THE INPUT:
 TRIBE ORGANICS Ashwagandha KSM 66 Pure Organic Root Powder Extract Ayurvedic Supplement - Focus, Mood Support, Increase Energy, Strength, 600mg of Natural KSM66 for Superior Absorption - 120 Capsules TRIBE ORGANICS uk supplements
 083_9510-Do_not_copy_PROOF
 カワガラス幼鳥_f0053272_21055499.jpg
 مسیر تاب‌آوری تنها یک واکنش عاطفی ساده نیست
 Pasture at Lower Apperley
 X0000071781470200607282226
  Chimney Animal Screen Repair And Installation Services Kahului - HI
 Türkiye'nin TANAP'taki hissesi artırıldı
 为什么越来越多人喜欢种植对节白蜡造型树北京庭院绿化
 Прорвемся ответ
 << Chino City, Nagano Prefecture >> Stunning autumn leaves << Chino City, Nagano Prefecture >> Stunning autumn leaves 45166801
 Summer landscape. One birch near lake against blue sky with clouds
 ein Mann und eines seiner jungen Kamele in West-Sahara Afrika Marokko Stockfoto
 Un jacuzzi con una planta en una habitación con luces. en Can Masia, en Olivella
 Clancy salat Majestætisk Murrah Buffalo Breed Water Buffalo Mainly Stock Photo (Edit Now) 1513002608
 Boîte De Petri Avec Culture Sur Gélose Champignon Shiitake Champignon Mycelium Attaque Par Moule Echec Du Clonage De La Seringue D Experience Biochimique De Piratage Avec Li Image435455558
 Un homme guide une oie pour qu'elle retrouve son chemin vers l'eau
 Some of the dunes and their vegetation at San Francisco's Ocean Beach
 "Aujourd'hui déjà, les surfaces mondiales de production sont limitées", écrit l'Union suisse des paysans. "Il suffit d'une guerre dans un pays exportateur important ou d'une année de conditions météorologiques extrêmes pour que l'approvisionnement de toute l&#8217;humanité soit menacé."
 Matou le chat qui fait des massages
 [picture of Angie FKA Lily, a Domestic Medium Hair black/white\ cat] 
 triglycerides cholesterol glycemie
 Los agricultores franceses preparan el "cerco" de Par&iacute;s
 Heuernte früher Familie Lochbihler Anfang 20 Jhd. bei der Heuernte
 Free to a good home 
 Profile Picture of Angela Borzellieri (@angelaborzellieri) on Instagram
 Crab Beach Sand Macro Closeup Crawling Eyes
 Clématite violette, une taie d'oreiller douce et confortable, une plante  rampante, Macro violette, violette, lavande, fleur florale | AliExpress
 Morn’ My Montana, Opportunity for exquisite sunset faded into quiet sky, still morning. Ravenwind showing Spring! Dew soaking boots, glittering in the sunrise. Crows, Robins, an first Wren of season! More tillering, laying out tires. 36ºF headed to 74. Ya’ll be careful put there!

ACTION ITEM: Beginning with the line containing "为什么越来越多人喜欢种植对节白蜡造型树北京庭院绿化" in the material above, copy every line exactly until you have copied the line containing "ein Mann und".

RESPONSE AREA:
 为什么越来越多人喜欢种植对节白蜡造型树北京庭院绿化
 Прорвемся ответ
 << Chino City, Nagano Prefecture >> Stunning autumn leaves << Chino City, Nagano Prefecture >> Stunning autumn leaves 45166801
 Summer landscape. One birch near lake against blue sky with clouds
 ein Mann und eines seiner jungen Kamele in West-Sahara Afrika Marokko Stockfoto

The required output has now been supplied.